Task statement
Exactly the lines below starting at the line with "sandwiches belegt mit" and ending at the line with "Gerard Darrel - women’s" are wanted, with both ends included. Leave out the pictures and add no other lines.

BEGIN Given records

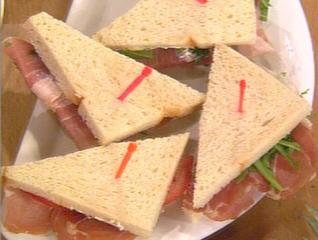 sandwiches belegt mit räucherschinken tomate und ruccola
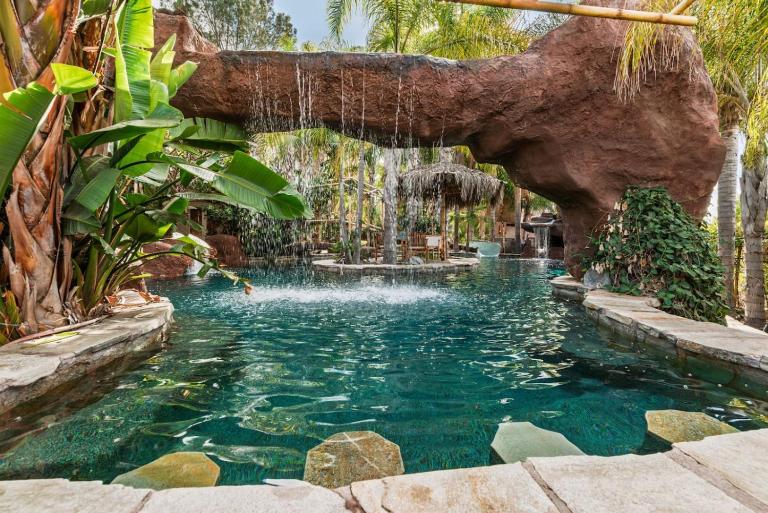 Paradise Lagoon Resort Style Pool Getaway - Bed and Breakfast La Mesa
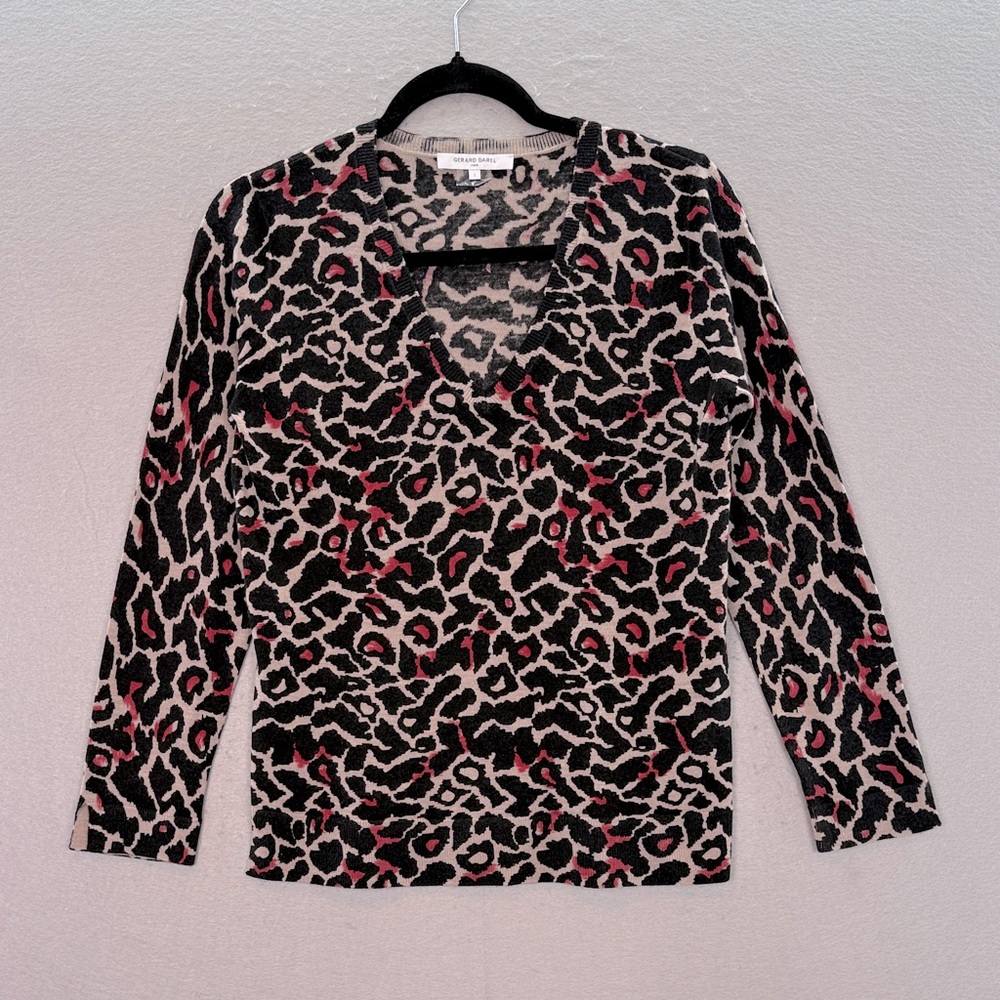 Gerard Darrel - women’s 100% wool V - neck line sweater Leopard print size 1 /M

END Given records
BEGIN Given records

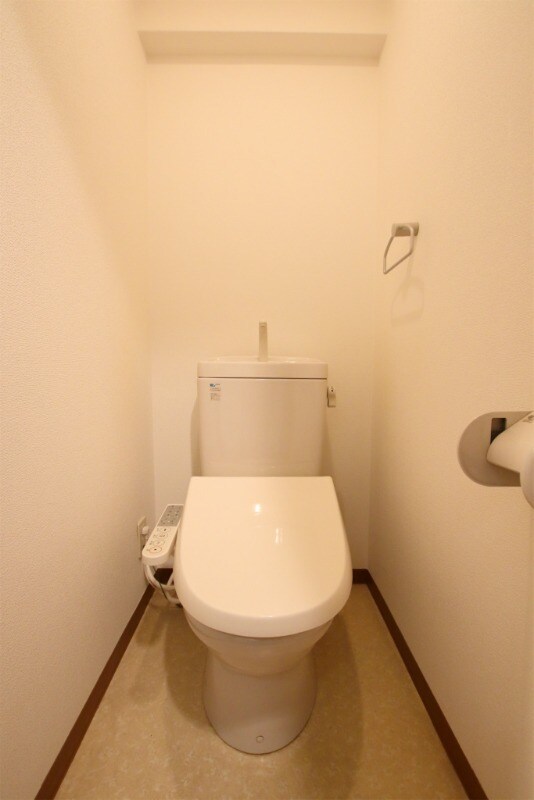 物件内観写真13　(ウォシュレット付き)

END Given records

Result
 sandwiches belegt mit räucherschinken tomate und ruccola
 Paradise Lagoon Resort Style Pool Getaway - Bed and Breakfast La Mesa
 Gerard Darrel - women’s 100% wool V - neck line sweater Leopard print size 1 /M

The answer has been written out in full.